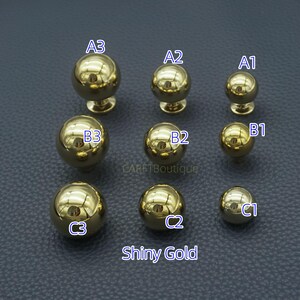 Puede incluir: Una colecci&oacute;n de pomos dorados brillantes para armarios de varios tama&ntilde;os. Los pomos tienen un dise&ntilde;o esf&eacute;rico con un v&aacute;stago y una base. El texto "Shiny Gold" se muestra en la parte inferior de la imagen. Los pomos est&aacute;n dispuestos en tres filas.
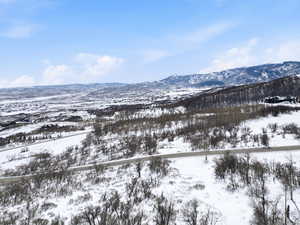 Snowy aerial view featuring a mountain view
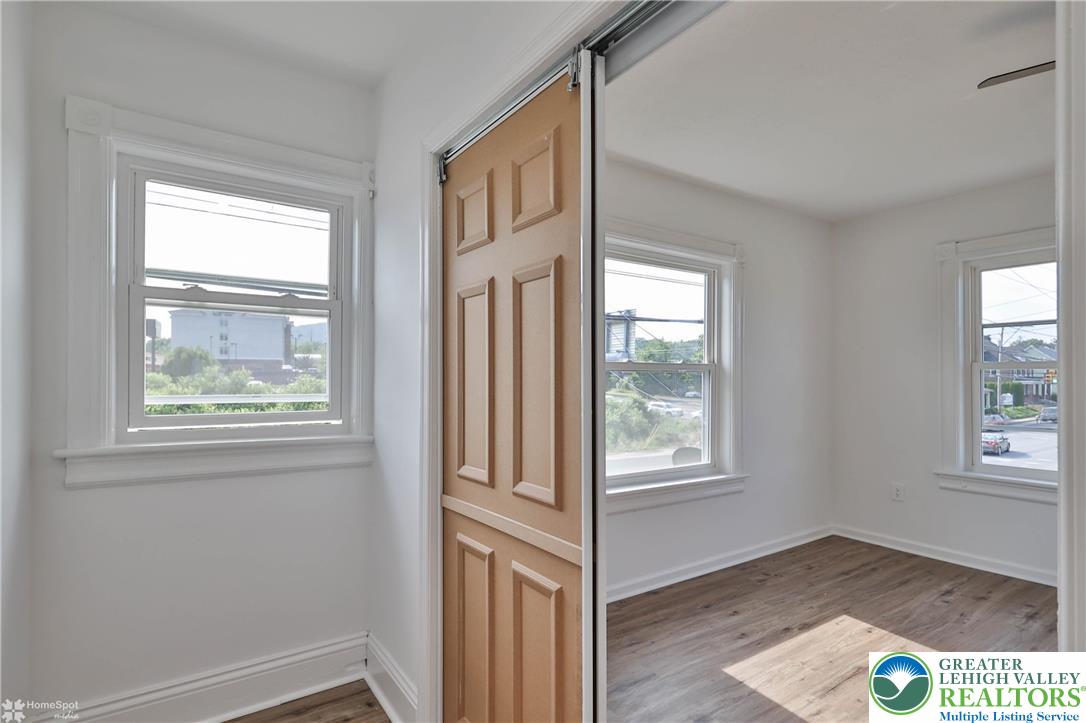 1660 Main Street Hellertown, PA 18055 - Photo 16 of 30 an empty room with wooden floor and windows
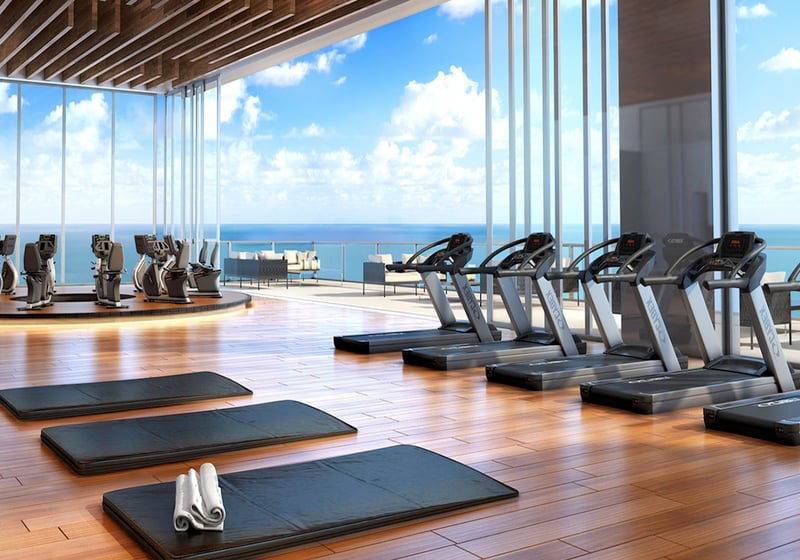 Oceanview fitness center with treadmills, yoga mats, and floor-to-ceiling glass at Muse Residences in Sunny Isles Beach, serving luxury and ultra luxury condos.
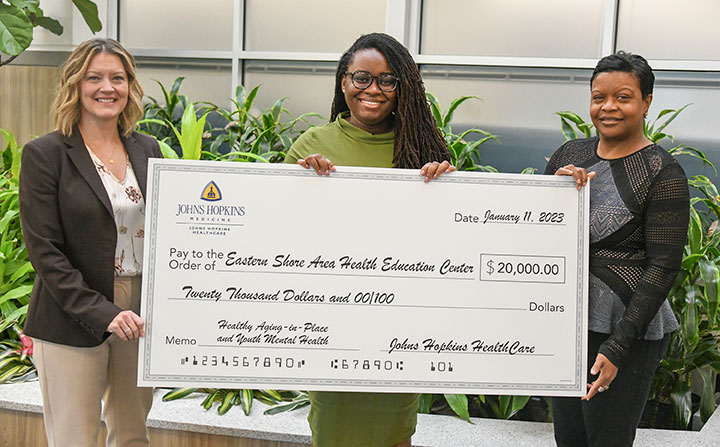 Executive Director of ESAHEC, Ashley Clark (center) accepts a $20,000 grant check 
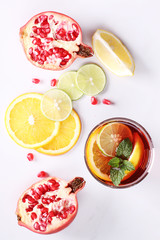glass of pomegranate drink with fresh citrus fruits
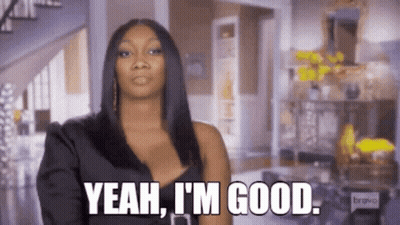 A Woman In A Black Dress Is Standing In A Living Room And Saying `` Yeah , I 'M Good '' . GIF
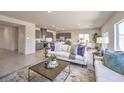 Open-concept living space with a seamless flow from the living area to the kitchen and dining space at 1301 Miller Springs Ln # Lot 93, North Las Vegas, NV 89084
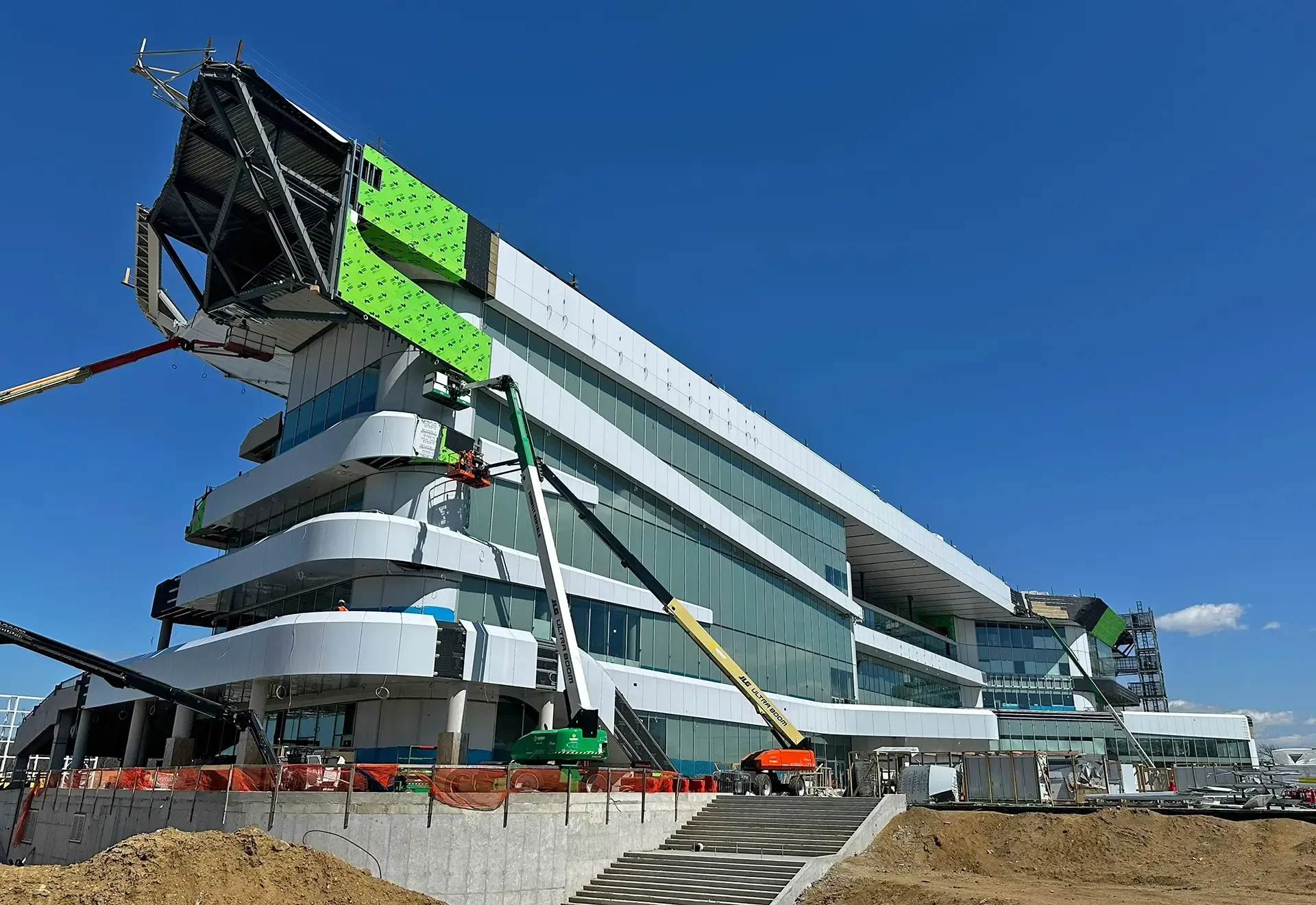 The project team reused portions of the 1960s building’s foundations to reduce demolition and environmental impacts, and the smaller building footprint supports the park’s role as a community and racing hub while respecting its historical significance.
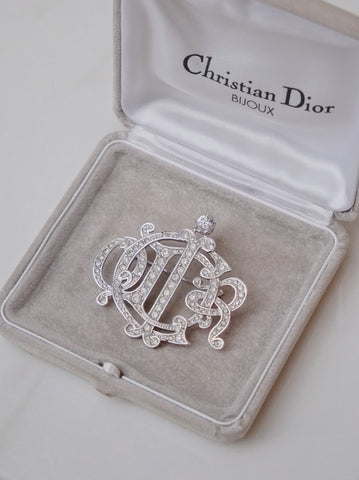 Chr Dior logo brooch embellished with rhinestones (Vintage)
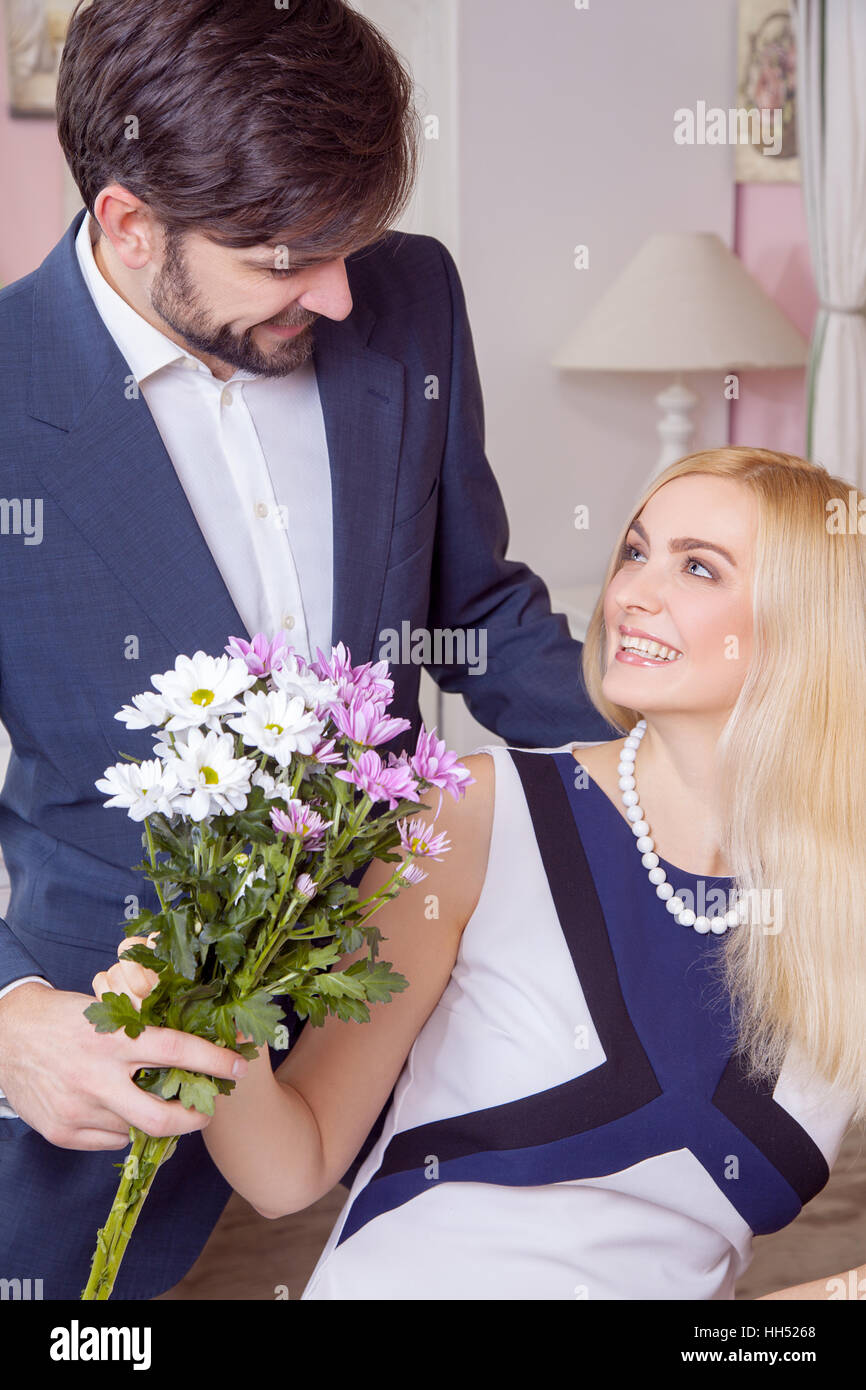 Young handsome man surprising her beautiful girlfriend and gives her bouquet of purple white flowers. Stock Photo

══════

Work task >> Looking at the listing above, which lines run from the one containing "Oceanview fitness center" through the one containing "glass of pomegranate"? Print exactly those, ends included, pictures excluded.

Solution for this exercise >>
 Oceanview fitness center with treadmills, yoga mats, and floor-to-ceiling glass at Muse Residences in Sunny Isles Beach, serving luxury and ultra luxury condos.
 Executive Director of ESAHEC, Ashley Clark (center) accepts a $20,000 grant check 
glass of pomegranate drink with fresh citrus fruits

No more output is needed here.